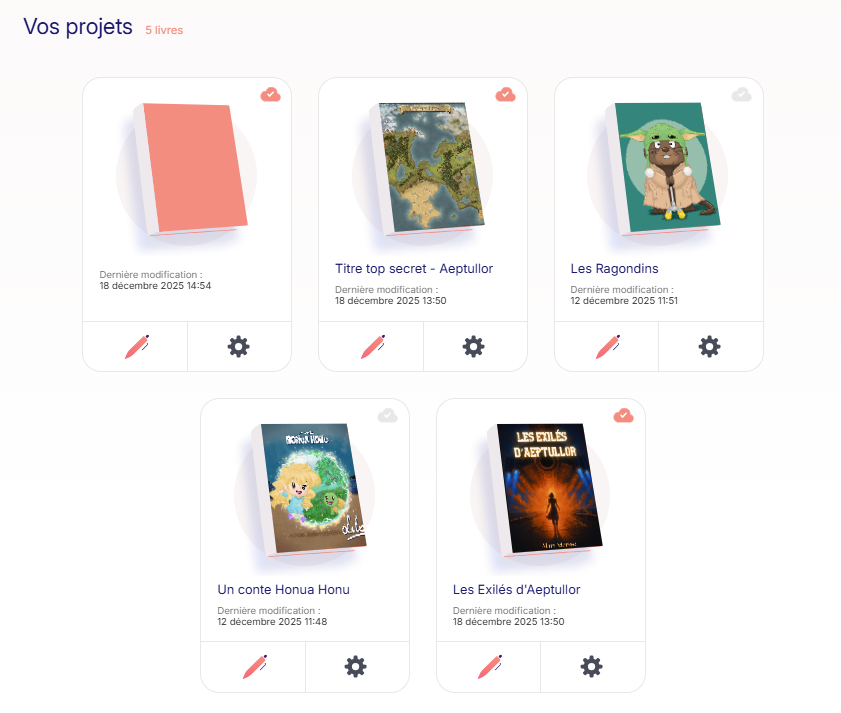 Affichage des livres sur WriteControl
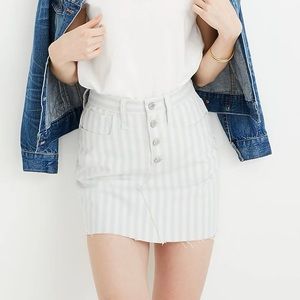 Madewell Stretch A-Line Mini Skirt in Pompano Stripe: Button Front Edition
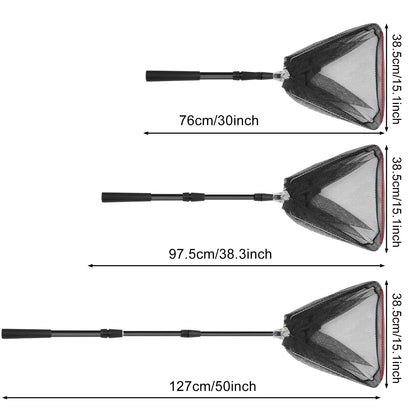 Fishing Landing Net Aluminum Alloy Durable Telescoping Extend to 190cm/130cm/55cm Folding Mesh Safe Fish Catching Releasing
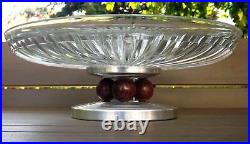 Coupe A Fruits Art Deco 3 Boules Verre Moule Palissandre Et Aluminium Vers 1930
=======
WHAT YOU WILL DO: All the material above should be written out exactly, with images omitted.

RESPONSE BOX:
 Affichage des livres sur WriteControl
 Madewell Stretch A-Line Mini Skirt in Pompano Stripe: Button Front Edition
 Fishing Landing Net Aluminum Alloy Durable Telescoping Extend to 190cm/130cm/55cm Folding Mesh Safe Fish Catching Releasing
 Coupe A Fruits Art Deco 3 Boules Verre Moule Palissandre Et Aluminium Vers 1930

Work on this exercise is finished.